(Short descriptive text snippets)
»»
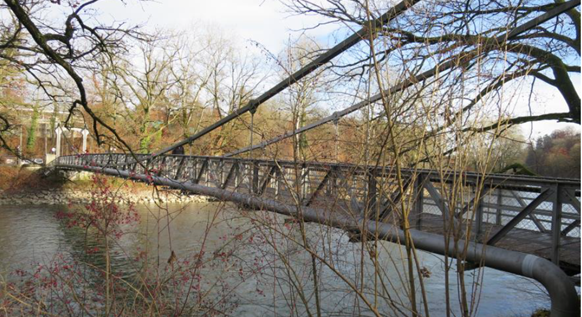 Man sieht hier den Schönausteg, eine Brücke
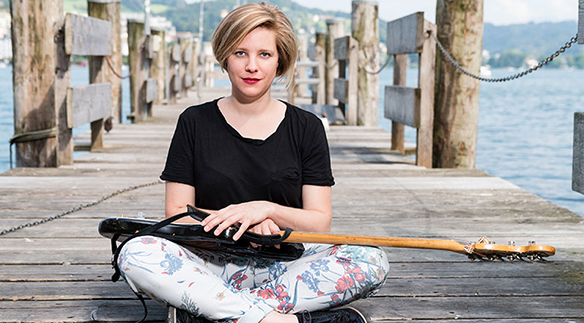 Martina Berther, E-Gitarristin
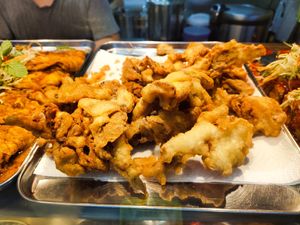 Dishes available at Guilin Vegetarian 桂林素 in East Singapore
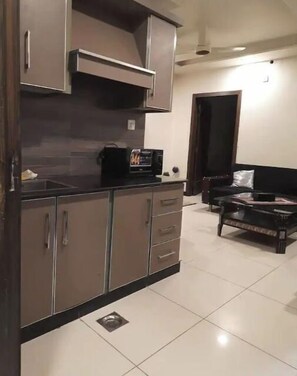 Geladeira, micro-ondas, cooktop, chaleira elétrica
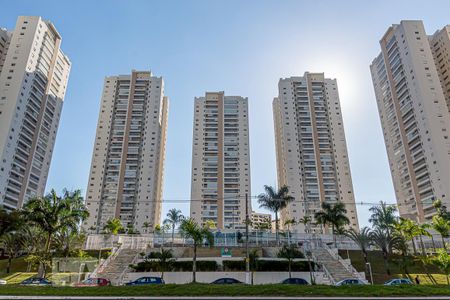 Apartamento para alugar com 123m², 3 quartos e 2 vagas Apartamento para alugar com 123m², 3 quartos e 2 vagasFachada e portaria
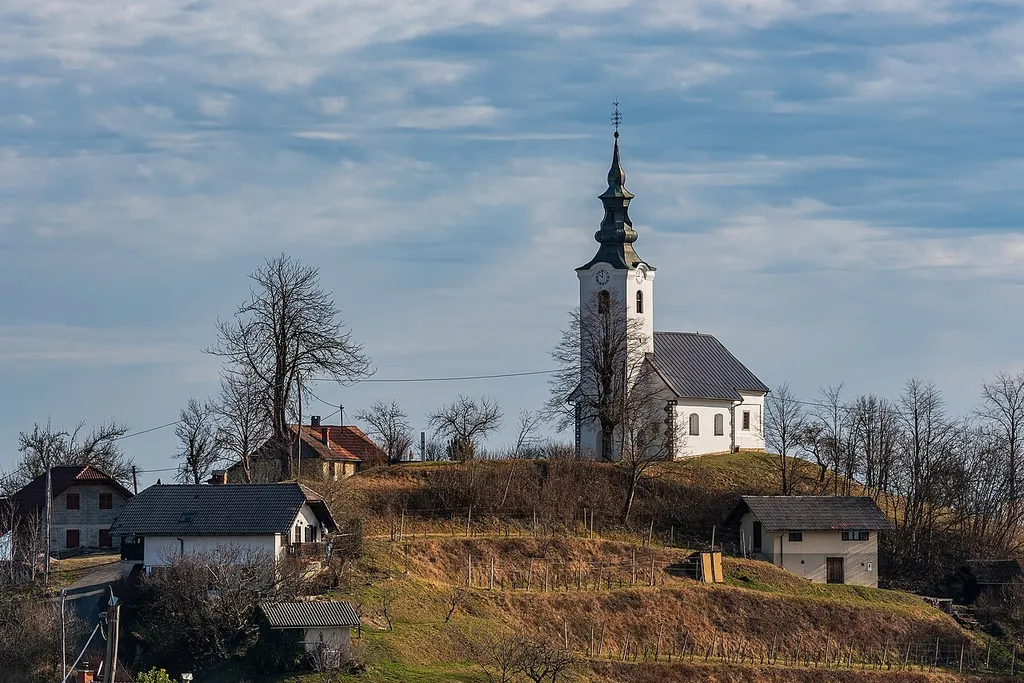 Cerkev stoji na vrhu razglednega in z vinogradi zasajenega Malega Vinjega vrha, ob njej raste mogočna lipa. Datacija: 17. stol., druga polovica 18. stol.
««
Work instruction: Word for word, write out each line from the one with "vagasFachada e portaria" through the end of the entries above, and omit any pictures.

Response to this task:
 Apartamento para alugar com 123m², 3 quartos e 2 vagas Apartamento para alugar com 123m², 3 quartos e 2 vagasFachada e portaria
 Cerkev stoji na vrhu razglednega in z vinogradi zasajenega Malega Vinjega vrha, ob njej raste mogočna lipa. Datacija: 17. stol., druga polovica 18. stol.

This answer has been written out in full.